Janet, the publicly-funded organization that runs the UK’s research and education network, partnered with Tessella to develop Netsight ®, a new centralized monitoring system that provides a higher levels of visibility into the performance and availability of its UK-wide network of a national core and regional networks. At its heart is a relational database that holds 3.3 billion data rows, which can be accessed and analysed easily.
We looked at off-theshelf products, but these were aimed at traditional IT environments and lacked the depth of permission controls we required.
Background and Challenge
The Janet network is dedicated to the needs of research and education in the UK, connecting 18 million users across the UK’s research and education organisations to each other, as well as to the rest of the world. The range of activities facilitated by the Janet network allows individuals and organisations to extend the traditional boundaries of teaching, learning and research methods. For researchers, the high capacity of the Janet network backbone allows the linking of large data storage and high performance computing facilities at a national and international level.

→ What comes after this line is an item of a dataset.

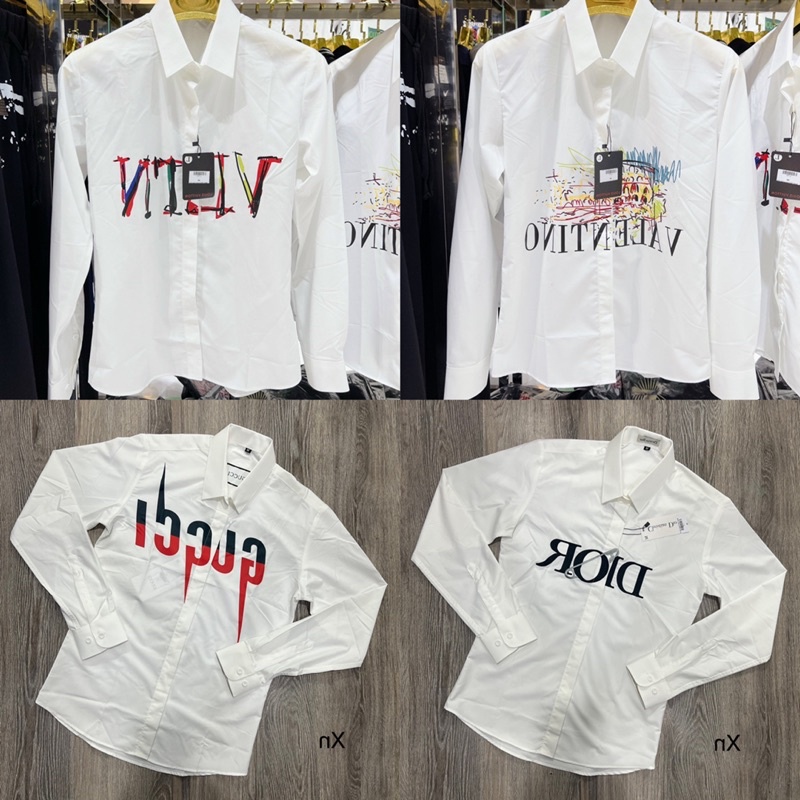 Sơ Mi Trắng Hoạ Tiết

In order for the network to run effectively and to ensure maximum uptime, it needs to constantly monitor performance and availability. However, as the previous monitoring system was spread across multiple servers in different locations, Janet was finding it lacking in resilience. Janet wanted to find a new approach to monitoring that would provide greater availability and deeper insight into trends and performance.
“Previously the system was replicated across 24 different UNIX machines at different locations around the network,” explains Alan Hames, Service Analysis Group Manager at Janet. “This was not only difficult to maintain but lacked resilience – if one machine went down there could be a big gap in the data collected for that part of the network.”
Janet explored a variety of industry-standard solutions but they did not meet its unique requirements. Instead, it approached Tessella to design and implement the new system through the government’s CATALIST tendering process.
“We looked at off-the-shelf products, but these were aimed at traditional IT environments and lacked the depth of permission controls we required,” adds Alan Hames “Working with Tessella enabled us to build a bespoke solution that fitted our specific needs.”
Solution and Benefits
The result is Netsight ®, a web-based system supporting a wide range of browsers that makes it possible for any user to see their data at the click of a link. Janet connects almost 1,000 organisations to the Internet via the 40Gbit/s Janet backbone, and giving the organisations’ IT staff network visibility is a priority. In addition to viewing data, it is also possible to configure alerts such as traffic conditions or connection availability, and be e-mailed automatically in the event of a problem.
It uses a powerful relational database to store its data, and has been purpose-built with an emphasis on making that data available. Users can see graphs of network performance over any timescale, seeing last year’s data just as easily as the last hour’s, with the ability to zoom in on areas of interest with just the drag of a mouse.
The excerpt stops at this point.